Audio-described 11 Aug 2.15pm, 17, 24 Aug 7.30pm.
BSL Signed 1 Aug 7.30pm.
Captioned 25 Aug 2.15pm.
Runs 2hr 45min One interval.

TICKETS: 01243 781312.
www.cft.org.uk
Review: Timothy Ramsden 24 July.

Hearts barely moved, let alone broken.
Part of Bernard Shaw’s declared 1914-1918 war effort was to withhold this play from production. It would, he declared, have sapped morale too much. Watching Richard Clifford’s Chichester production you might agree. The streams of paradox can weary, while the procession of speech induces its own lethargy.

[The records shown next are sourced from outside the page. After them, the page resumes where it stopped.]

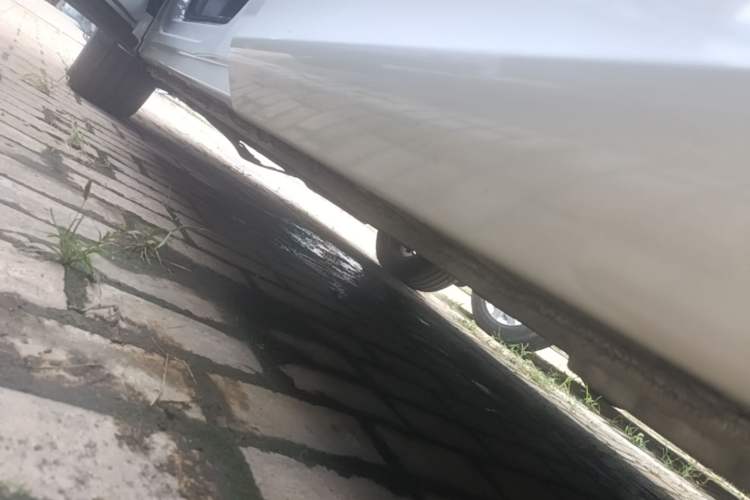 Used Honda Odyssey 2017 2.4L Smart Edition Left Side Sill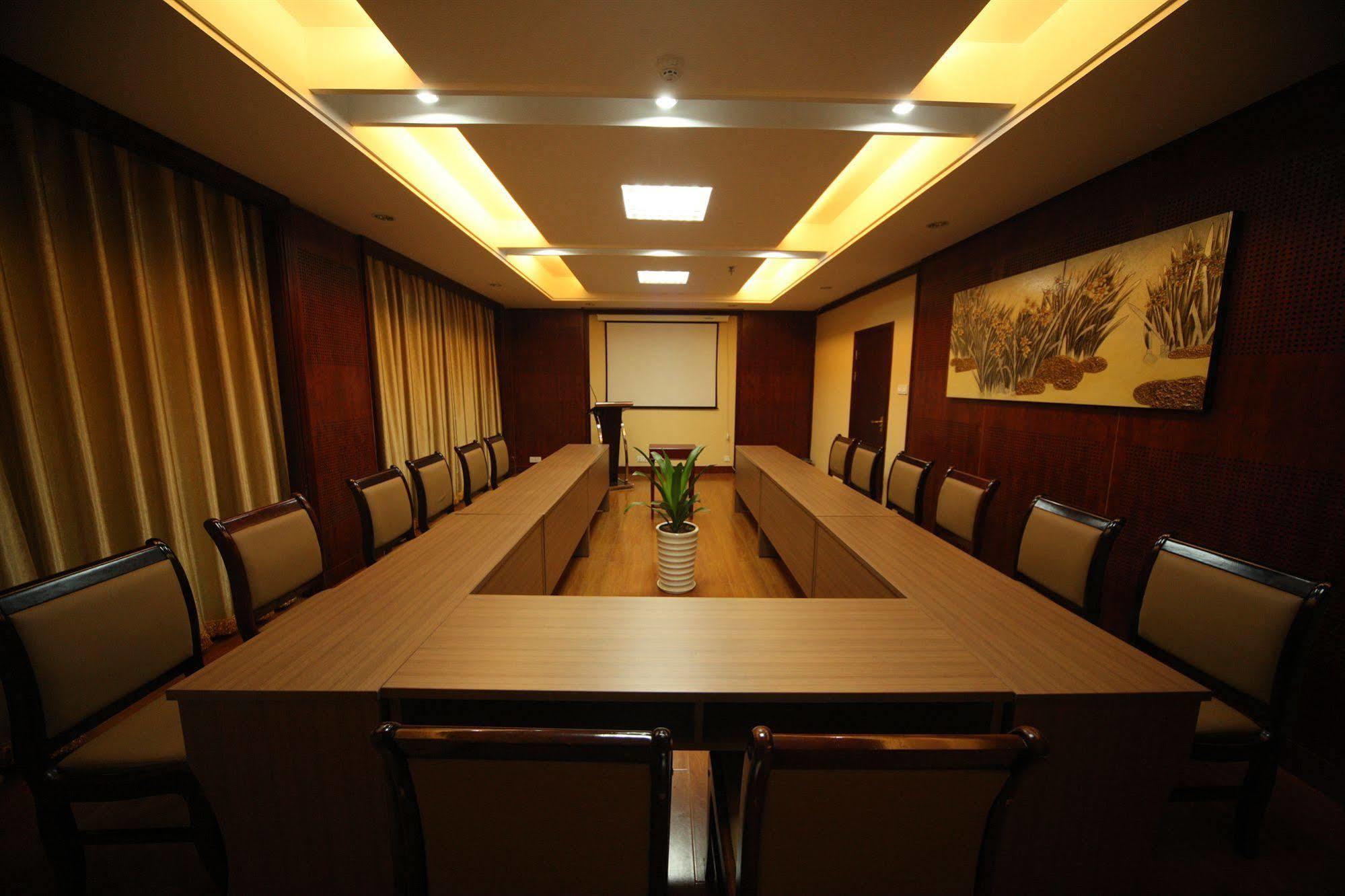 Overseas Chinese International Hotel Κινκντάο Εξωτερικό φωτογραφία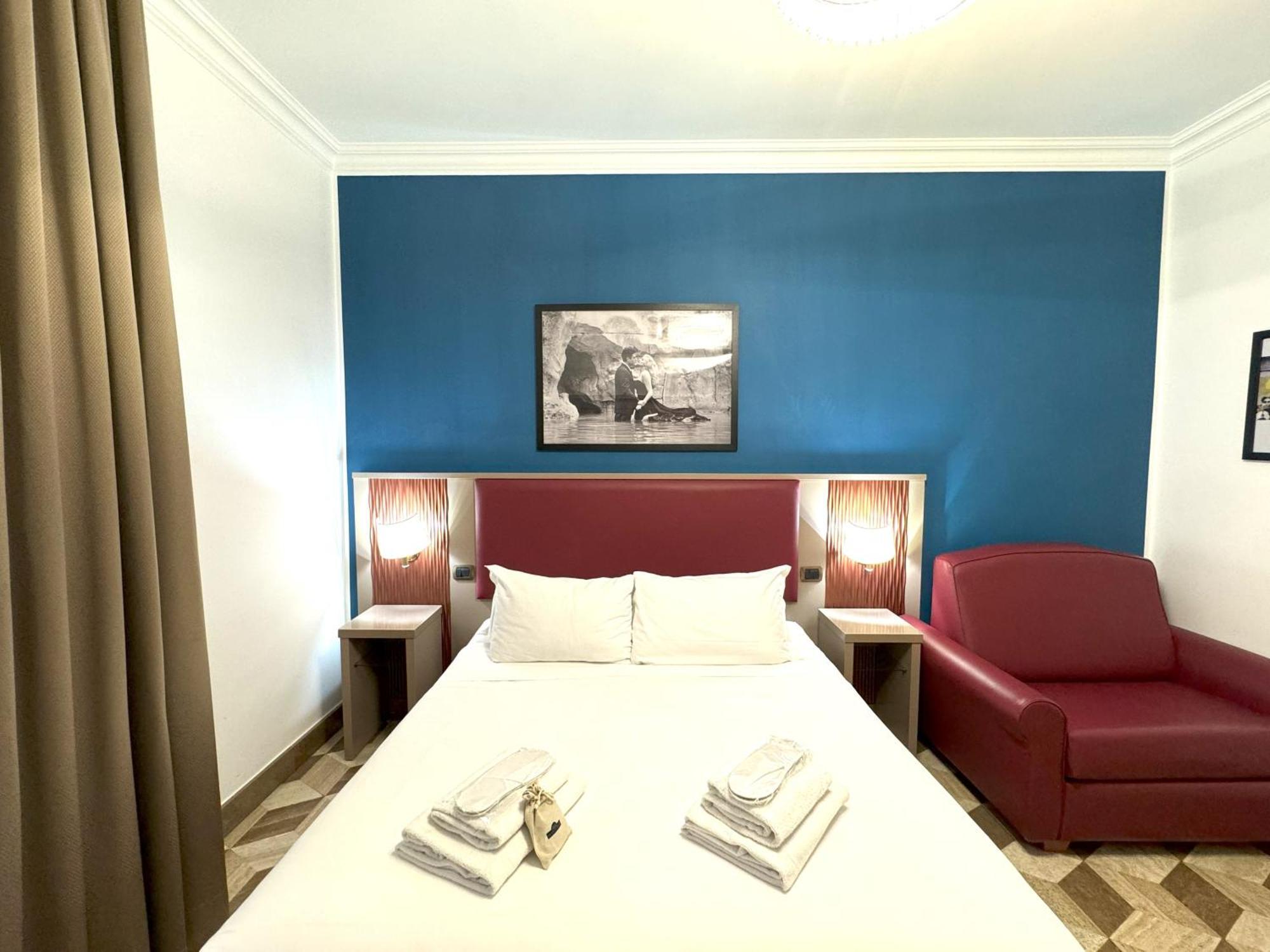 The Five Oscars Inn — Photos 1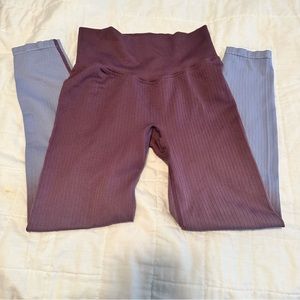 Victoria’s Secret pink leggings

Shaw, of course, meant no such thing. His “fantasia in the Russian manner on English themes” misreads Chekhov as much as the playwright widely misread (or partially read) Ibsen. Shaw develops political paradoxes through his characters, rather than evaluating individual lives through deep feelings while the samovar’s boiling.

Heartbreak House represents cultured, leisured Europe drifting towards the war presaged by the burglar whose intrusion neatly ends the first act at Chichester, and which comes with the final bombing raid. The author’s Preface makes clear the other aspect of society shown here is the no-nonsense practicality of Horseback Hall.

The two are contrasted by sisters Hesione and Ariadne (whose recommendation of horses comes late in the play). A production needs to distinguish the sisters now the obvious indications have slipped into history. It’s something Clifford doesn’t make clear amid his production’s various fantastications.

And there’s room for industrialist Boss Mangan to be more than the stock booming northerner Trevor Cooper presents. Though he is obvious casting.

That’s one problem. The play’s cast from ‘obvious’ actors who are left within their comfort zones. There’s little sense of actors discovering anything about their characters. What do Jo Stone-Fewings’ farcical routines suggest other than that the actor grew bored during rehearsals? And the interlude with the Burglar comes as comic relief rather than part of the comic argument.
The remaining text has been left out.